Our garage is too full of stuff to put the car away, so I tried to buy an outdoor cover from Tesla (the outdoor one listed here: Model 3 Car Cover ). This not only isn't available in the UK, according to Tesla UK, who were very helpful, it cannot be imported into the UK, even as a special order. There are lots of car covers around, but a bit of research showed that the majority aren't suitable for use with a Model 3, even where the manufacturer lists it as such. The problem is that the Model 3 can fire up the cooling fans and air intake at the front at any time, to cool the battery or limit the cabin temperature, so the grill area at the front must be open enough to allow air in.

The only cover I found, apart from the genuine Tesla one, was one from Bouge RV. It's available from the usual online places. I bought one a few weeks ago, and thought I'd scribble a few words about it (this isn't a full review, nor has it been sponsored). There are some videos around showing this cover, so this should be read in conjunction with those if you're interested in getting one.

First impressions were that its a bit awkward to fit the first time, as it arrives packed inside out, effectively, so need to be unpacked somewhere clean and dry, and repacked so that the inside surface is facing outwards. Once the knack of packing it up is mastered (very easy, and this point has been made on at least one of the YouTube video reviews) then it is very quick and simple to put on, and only slightly less quick and easy to remove and roll up. The inside surface is a soft, non-woven, fabric, with no risk of damaging the paint. The outside surface is a silver coloured fairly heavy duty plastic, that seems durable and does reflect heat a fair bit (my car is black, and the cabin temperatures have been a lot lower in bright sunshine).

The cover does a good job at preventing pheasant attacks, but also keeps the car a lot cleaner. I've found that there is enough natural ventilation that there is never any condensation under the cover, so I suspect it would also provide a fair degree of frost and icing protection in very cold weather.

Overall the fit is reasonably good, although I feel the cover could do with being very slightly longer. With the elasticated front edge hooked under the lowest part of the front of the car, the cover isn't quite long enough to cover right down to the lowest edge at the rear. No amount of pulling and tweaking will fix this, and it tends to leave the rear strap running across the lower surface of the rear bumper, which isn't ideal.

The cover has three attached straps, but frankly they are not great. The fasteners are OK, but the straps themselves are flimsy and not well finished. The front and rear straps are very easy to fit, although they tend to come loose (as shown in the pictures) because the strap material is too thin to stay locked on the adjustment buckle. There's a centre strap that goes under the car, and that's just as flimsy, plus it's awkward to throw the strap across the underside of the car in order to fasten it. On the plus side, the centre strap doesn't tend to loosen at all.
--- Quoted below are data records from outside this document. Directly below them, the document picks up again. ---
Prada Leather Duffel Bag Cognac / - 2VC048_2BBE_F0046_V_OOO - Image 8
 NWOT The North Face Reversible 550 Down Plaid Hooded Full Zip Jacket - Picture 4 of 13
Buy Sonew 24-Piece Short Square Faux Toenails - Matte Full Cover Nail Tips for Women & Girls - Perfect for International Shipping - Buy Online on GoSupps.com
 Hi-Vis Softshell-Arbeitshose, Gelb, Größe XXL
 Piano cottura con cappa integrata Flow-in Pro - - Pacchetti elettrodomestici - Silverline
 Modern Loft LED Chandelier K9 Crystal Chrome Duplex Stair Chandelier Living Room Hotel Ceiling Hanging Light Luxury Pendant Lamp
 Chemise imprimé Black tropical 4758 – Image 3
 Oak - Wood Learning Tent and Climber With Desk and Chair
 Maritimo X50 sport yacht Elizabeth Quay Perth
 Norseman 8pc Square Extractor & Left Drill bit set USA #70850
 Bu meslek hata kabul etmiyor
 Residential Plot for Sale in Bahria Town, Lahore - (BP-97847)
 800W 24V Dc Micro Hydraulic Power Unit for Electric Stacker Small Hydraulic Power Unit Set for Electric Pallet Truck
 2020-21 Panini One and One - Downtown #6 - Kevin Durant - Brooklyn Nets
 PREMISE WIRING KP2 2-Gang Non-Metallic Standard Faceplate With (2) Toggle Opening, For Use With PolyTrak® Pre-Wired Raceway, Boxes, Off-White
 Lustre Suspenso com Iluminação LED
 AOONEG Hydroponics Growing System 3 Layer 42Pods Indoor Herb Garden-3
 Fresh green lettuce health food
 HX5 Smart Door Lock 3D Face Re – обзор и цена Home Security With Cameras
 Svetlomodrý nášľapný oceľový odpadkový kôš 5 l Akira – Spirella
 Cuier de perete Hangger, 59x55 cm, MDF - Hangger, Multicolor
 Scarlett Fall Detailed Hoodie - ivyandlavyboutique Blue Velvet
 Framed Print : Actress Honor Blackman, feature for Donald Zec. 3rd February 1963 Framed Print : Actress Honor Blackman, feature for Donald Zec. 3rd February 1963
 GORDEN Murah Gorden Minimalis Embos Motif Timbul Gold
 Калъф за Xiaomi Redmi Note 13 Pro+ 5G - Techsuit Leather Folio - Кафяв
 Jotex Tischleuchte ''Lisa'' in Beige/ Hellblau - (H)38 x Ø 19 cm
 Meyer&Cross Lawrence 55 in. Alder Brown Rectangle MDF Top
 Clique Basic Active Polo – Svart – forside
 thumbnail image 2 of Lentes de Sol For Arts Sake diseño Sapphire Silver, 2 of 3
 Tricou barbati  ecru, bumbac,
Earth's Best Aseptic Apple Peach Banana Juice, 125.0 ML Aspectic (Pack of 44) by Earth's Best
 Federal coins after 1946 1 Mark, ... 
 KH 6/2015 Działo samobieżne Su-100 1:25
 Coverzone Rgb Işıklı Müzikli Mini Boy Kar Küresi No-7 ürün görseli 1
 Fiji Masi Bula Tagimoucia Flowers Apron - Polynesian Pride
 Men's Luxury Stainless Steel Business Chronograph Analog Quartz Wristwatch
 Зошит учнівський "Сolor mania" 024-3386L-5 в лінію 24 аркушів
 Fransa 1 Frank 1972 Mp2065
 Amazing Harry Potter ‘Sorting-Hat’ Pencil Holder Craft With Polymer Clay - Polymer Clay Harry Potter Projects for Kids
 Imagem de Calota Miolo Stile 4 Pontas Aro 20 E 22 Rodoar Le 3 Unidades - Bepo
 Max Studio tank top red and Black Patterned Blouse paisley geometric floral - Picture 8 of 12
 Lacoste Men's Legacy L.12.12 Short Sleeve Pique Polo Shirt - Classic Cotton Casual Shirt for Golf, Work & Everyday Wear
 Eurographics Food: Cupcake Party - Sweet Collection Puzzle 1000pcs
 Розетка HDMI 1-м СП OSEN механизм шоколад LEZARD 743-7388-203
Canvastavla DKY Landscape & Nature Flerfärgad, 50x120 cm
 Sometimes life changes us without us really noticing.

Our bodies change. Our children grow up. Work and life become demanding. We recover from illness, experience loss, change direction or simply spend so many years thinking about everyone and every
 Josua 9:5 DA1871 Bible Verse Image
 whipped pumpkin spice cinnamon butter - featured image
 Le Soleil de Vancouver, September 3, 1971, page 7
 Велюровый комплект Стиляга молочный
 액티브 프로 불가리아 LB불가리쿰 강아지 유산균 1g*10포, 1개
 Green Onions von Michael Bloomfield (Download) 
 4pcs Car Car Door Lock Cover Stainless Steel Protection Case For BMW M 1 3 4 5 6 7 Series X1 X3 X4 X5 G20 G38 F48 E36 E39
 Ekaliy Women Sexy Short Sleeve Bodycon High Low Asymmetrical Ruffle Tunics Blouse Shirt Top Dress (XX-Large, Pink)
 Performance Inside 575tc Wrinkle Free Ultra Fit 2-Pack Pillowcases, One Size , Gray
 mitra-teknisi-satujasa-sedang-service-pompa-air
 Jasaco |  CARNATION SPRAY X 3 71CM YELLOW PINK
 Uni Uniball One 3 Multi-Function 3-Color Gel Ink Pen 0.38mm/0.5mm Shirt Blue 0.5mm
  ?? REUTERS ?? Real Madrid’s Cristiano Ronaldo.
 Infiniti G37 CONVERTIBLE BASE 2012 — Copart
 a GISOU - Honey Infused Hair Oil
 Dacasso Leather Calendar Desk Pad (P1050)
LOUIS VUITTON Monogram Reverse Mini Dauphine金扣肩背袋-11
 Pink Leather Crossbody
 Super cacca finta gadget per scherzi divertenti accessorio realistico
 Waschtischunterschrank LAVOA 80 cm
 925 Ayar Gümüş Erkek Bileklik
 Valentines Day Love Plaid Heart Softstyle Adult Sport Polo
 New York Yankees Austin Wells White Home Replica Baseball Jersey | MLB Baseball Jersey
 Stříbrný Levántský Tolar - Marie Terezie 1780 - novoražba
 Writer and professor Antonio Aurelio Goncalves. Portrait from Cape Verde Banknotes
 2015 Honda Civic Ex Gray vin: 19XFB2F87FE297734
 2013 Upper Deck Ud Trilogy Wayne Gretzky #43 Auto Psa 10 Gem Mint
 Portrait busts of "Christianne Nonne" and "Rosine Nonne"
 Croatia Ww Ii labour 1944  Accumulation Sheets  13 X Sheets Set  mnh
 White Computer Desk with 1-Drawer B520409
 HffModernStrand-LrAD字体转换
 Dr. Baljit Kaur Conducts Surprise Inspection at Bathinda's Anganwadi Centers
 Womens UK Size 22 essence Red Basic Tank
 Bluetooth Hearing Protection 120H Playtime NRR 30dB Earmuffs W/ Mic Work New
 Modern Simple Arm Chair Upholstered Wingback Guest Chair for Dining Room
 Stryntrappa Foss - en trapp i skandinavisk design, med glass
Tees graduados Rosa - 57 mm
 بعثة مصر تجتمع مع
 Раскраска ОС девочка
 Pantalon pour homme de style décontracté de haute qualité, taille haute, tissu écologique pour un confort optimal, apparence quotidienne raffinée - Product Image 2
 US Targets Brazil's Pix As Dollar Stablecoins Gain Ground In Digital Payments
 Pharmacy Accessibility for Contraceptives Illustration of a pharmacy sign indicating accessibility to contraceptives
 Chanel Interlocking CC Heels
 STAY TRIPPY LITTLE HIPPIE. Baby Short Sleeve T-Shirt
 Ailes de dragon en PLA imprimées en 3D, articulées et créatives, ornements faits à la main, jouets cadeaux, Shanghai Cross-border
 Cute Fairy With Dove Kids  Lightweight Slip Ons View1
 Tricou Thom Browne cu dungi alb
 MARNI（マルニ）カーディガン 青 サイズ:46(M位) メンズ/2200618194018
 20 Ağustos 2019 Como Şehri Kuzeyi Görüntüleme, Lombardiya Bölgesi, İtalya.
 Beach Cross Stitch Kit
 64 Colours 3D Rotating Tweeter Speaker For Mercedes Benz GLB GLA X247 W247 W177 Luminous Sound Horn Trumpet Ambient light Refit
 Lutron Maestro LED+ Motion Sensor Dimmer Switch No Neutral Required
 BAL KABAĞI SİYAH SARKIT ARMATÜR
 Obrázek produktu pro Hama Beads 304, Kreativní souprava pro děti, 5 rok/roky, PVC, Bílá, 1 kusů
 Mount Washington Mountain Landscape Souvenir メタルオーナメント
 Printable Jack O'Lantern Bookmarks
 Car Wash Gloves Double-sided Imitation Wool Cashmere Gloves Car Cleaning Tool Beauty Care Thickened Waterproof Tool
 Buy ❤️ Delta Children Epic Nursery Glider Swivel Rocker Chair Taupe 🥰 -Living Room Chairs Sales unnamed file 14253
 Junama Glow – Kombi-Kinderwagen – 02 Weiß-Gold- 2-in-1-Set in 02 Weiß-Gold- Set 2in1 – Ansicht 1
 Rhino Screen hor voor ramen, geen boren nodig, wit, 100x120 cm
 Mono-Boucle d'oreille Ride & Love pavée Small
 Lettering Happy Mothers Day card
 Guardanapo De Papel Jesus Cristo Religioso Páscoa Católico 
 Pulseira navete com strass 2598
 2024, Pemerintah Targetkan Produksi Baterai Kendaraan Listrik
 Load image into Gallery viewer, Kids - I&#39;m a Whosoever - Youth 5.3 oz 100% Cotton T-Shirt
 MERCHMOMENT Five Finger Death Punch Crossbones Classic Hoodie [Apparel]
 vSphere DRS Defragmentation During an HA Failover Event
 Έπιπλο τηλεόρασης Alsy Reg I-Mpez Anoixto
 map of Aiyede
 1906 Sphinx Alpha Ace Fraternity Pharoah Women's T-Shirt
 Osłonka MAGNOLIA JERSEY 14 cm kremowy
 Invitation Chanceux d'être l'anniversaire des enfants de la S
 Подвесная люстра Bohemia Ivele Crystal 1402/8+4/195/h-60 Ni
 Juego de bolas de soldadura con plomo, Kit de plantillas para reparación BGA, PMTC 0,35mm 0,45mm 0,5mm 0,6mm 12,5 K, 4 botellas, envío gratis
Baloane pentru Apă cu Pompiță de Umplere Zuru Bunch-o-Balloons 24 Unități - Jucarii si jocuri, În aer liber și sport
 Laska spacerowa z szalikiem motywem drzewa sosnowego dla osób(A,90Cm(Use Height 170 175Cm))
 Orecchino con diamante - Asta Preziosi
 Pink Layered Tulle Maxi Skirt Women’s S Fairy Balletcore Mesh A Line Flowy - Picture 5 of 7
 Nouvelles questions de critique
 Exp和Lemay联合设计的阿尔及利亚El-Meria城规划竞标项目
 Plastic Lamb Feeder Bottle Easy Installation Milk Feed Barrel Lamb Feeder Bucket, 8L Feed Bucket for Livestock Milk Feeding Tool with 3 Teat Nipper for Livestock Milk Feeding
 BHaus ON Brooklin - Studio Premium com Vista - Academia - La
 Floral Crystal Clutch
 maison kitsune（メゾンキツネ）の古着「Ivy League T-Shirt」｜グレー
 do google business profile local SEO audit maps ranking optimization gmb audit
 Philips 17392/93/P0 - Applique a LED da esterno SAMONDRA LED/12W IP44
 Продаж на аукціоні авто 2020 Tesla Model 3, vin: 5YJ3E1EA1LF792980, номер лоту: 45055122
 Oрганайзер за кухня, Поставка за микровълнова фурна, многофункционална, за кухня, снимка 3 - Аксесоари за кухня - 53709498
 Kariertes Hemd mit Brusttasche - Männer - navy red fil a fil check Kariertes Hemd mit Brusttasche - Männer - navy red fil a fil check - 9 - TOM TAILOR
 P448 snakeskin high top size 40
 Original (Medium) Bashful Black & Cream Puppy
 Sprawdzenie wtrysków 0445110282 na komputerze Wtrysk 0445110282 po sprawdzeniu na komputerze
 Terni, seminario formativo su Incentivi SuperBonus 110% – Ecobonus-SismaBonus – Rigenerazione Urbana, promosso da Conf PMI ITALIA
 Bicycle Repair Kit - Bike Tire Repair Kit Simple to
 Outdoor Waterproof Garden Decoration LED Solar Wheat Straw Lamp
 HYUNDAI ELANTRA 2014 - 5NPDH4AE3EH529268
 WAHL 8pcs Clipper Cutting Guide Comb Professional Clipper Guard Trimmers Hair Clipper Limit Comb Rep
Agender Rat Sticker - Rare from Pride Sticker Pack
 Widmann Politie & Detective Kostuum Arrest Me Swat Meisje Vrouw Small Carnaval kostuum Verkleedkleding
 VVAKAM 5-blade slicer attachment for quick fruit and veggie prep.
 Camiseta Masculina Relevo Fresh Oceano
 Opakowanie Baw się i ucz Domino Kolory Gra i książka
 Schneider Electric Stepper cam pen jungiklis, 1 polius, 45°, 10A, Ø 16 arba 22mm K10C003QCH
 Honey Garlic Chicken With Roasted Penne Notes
One very useful feature is a zipped access panel over the charge port. This doesn't seem to leak when closed, and the access is large enough to make opening the charge port easy, as long as the cover is correctly positioned on the car. One less useful feature is the absence of wing mirror pockets. On the plus side this means the cover looks neater, but it does mean that the mirrors must be folded for the cover to fit, and that automatic fold on lock is disabled, as there isn't enough room under the cover for them to open (although they will try, and struggle a lot). I found this out the hard way, when I unlocked the car to charge it, and the mirrors struggled and pulled the cover drum tight as they tried to open.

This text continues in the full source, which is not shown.